Onderzoeken en resultaten

Om te kunnen vaststellen of ter hoogte van de 20 nieuw te bouwen woningen aan de Oude Bathmenseweg wordt voldaan aan de bepalingen van de Wet luchtkwaliteit is gebruik gemaakt van de resultaten van het door Tauw opgestelde conceptrapport van het onderzoek naar de luchtkwaliteit in het kader van de herstructurering van de Rivierenwijk (Rapport "Luchtkwaliteit herontwikkeling Rivierenwijk Deventer, projectnummer 4562861 datum 1 februari 2008).

Uit dit onderzoek blijkt dat langs de Oude Bathmenseweg in de huidige situatie, in 2010 en 2018 géén overschrijdingen van de grenswaarden uit de Wet luchtkwaliteit optreden of te verwachten zijn.

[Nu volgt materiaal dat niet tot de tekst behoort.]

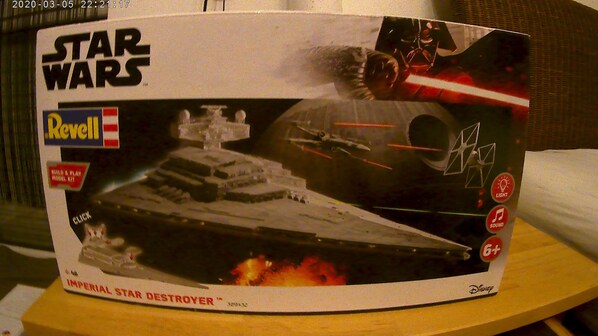 A Star Wars Revell Imperial Star Destroyer model box.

Daarbij komt dat het gaat om 20 nieuwe woningen ter vervanging van 42 inmiddels gesloopte duplexwoningen. Gesteld kan worden dat het aantal verkeersbewegingen van en naar de nieuwe woningen in ieder geval niet meer zal zijn dan bij de inmiddels gesloopte woningen en dat de ontwikkeling géén nadelige invloed op de luchtkwaliteit zal hebben.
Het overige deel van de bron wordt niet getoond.